If variances are not equal ($\sigma_1 \neq \sigma_2$), the test statistic is:

$t = \frac{\bar{X}_1 - \bar{X}_2}{\sqrt{\frac{s_1^2}{n_1} + \frac{s_2^2}{n_2}}}$

Degrees of freedom are approximated using Welch’s formula:

$$
df = \frac{\left(\frac{s_1^2}{n_1} + \frac{s_2^2}{n_2}\right)^2}{\frac{\left(\frac{s_1^2}{n_1}\right)^2}{n_1 - 1} + \frac{\left(\frac{s_2^2}{n_2}\right)^2}{n_2 - 1}}
$$

**3. Confidence Interval for the Ratio of Variances**

The ratio of variances  F =$\frac{s_1^2}{s_2^2}$ follows an F-distribution with degrees of freedom $df_1 = n_1 - 1$, $df_2 = n_2 - 1$. The confidence interval is:

$$
\left[ \frac{s_1^2}{s_2^2} \cdot \frac{1}{F_{\alpha/2, df_1, df_2}}, \, \frac{s_1^2}{s_2^2} \cdot F_{1-\alpha/2, df_1, df_2} \right]
$$

In [7]:
import numpy as np
from scipy.stats import t, f

# Data
premium = np.array([22.4, 24.5, 21.6, 22.4, 24.8, 21.7, 23.4, 23.3, 21.6, 20.0])
regular = np.array([17.7, 14.8, 19.6, 19.6, 12.1, 14.8, 15.4, 12.6, 14.0, 12.2])

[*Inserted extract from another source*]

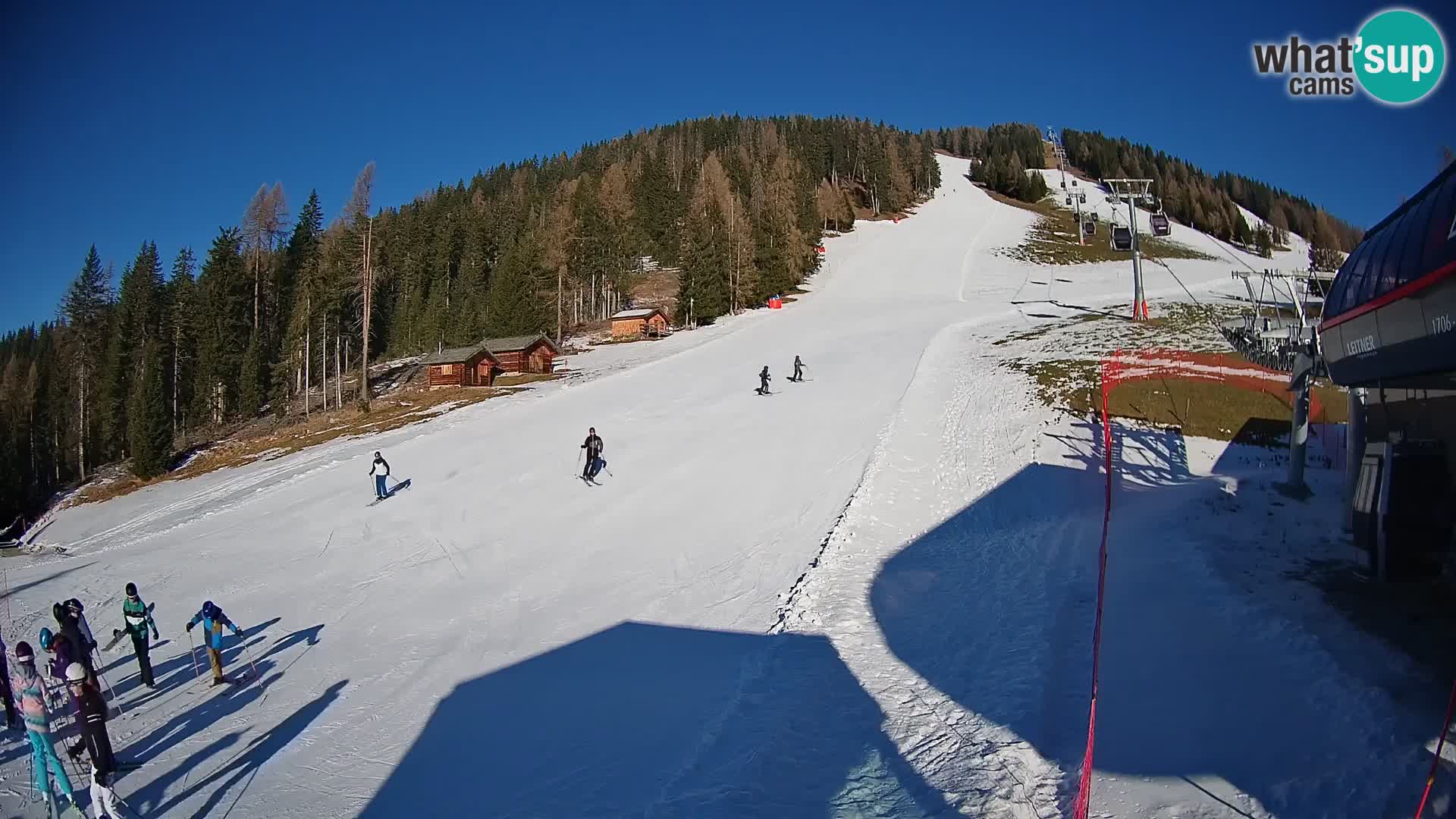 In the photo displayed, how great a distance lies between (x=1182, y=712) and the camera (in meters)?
6.74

alpha = 0.05  # 95% confidence

# Sample sizes, means, and variances
n1, n2 = len(premium), len(regular)
mean1, mean2 = np.mean(premium), np.mean(regular)
var1, var2 = np.var(premium, ddof=1), np.var(regular, ddof=1)  # Sample variance

# 1. Confidence interval for mean difference (Equal variances)
sp2 = ((n1 - 1) * var1 + (n2 - 1) * var2) / (n1 + n2 - 2)  # Pooled variance
sp = np.sqrt(sp2)
t_critical_equal = t.ppf(1 - alpha / 2, df=n1 + n2 - 2)  # t critical value
margin_equal = t_critical_equal * sp * np.sqrt(1 / n1 + 1 / n2)
ci_mean_equal = ((mean1 - mean2) - margin_equal, (mean1 - mean2) + margin_equal)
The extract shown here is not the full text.